The following webpages were referenced to preform this analysis, as
was the professor’s blackboard example:
https://rpubs.com/tahmad/DATA605Assignment4
https://rpubs.com/R-Minator/eigenshoes
https://rpubs.com/jefflittlejohn/Data605_HW4
The following exercise uses Principle Component Analysis(PCA) to ‘build and visualize eigenimagery that accounts for 80% of the variability’ of 17 images of shoes.
Load Packages
The following packages were used in this analysis.
library(tidyverse)
library(utils)
library(jpeg)
library(OpenImageR)
library(EBImage)
Downloading Images
A zip file containing the images was placed in a github repository. The
zip file was then downloaded via R and contents unzipped.
url <- r"(https://github.com/greggmaloy/Data_605/blob/main/jpg.zip?raw=TRUE","jpg.zip")"
zipfilename <- r"(eigenjpg.zip)"
unzippath <- r"(eigenjpg)"
download.file(url, zipfilename, mode = "wb")

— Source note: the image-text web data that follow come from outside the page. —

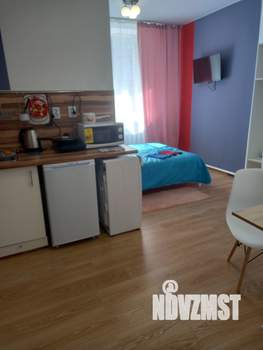 Студия квартира, посуточно, 22м2, 2/2 этаж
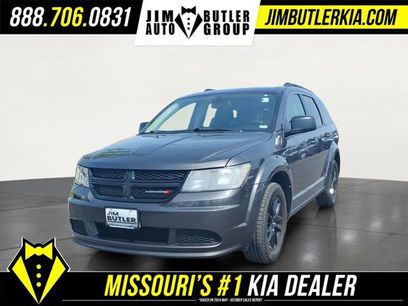 Used 2020 Dodge Journey SE w/ Blacktop Package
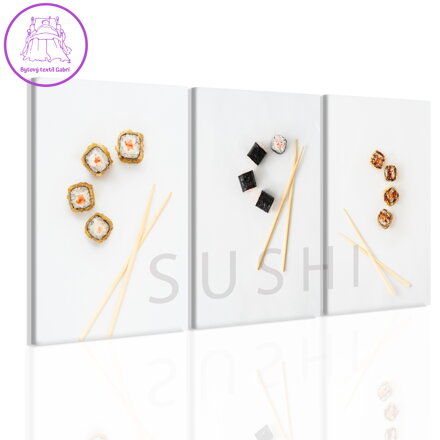 Obraz sushi I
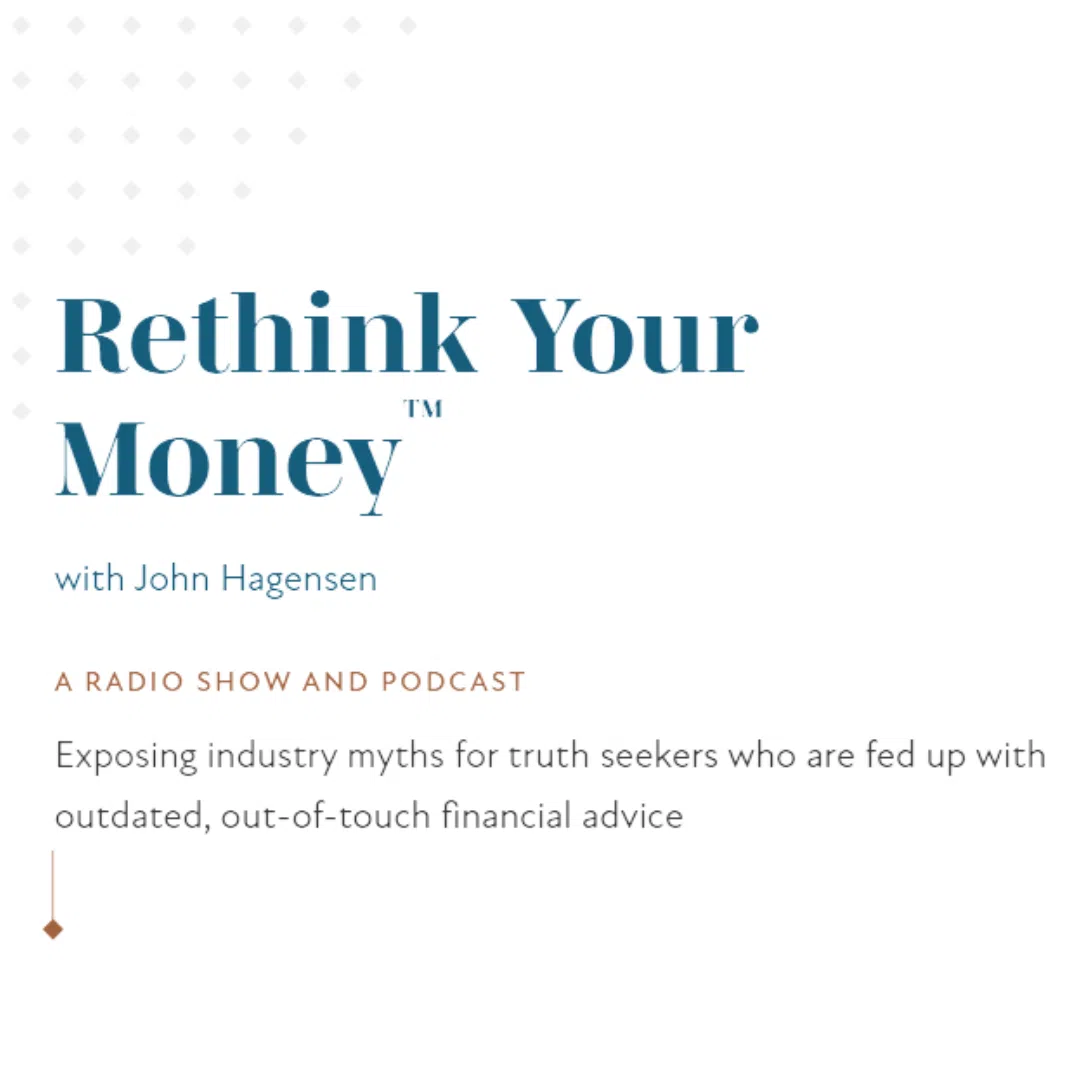 Rethink Your Money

unzip(zipfilename, exdir = unzippath)
Image Matrix
Below individual file names are placed in a new variable ‘names’. Image
dimensions specified via ‘height’, ‘width’ and ‘scale’ variable
creation. The array ‘im’ is initialized and finally the images are
resized and placed in the ’im’array.
names <- list.files(path = unzippath, full.names = TRUE)
height <- 1200
width <- 2500
scale <- 20
im <- array(rep(0,length(names)*height/scale*width/scale*3), dim = c(length(names), height/scale, width/scale,3))
for (i in 1:length(names)){
temp=resize(readJPEG(names[i]),height/scale, width/scale)
im[i,,,]=array(temp,dim=c(1, height/scale, width/scale,3))}
The Images
Below the images plotted.
plot_jpeg = function(path, add=FALSE)
{ jpg = readJPEG(path, native=T)
res = dim(jpg)[2:1]
if (!add)
plot(1,1,xlim=c(1,res[1]),ylim=c(1,res[2]),asp=1,type='n',xaxs='i',yaxs='i',xaxt='n',yaxt='n',xlab='',ylab='',bty='n')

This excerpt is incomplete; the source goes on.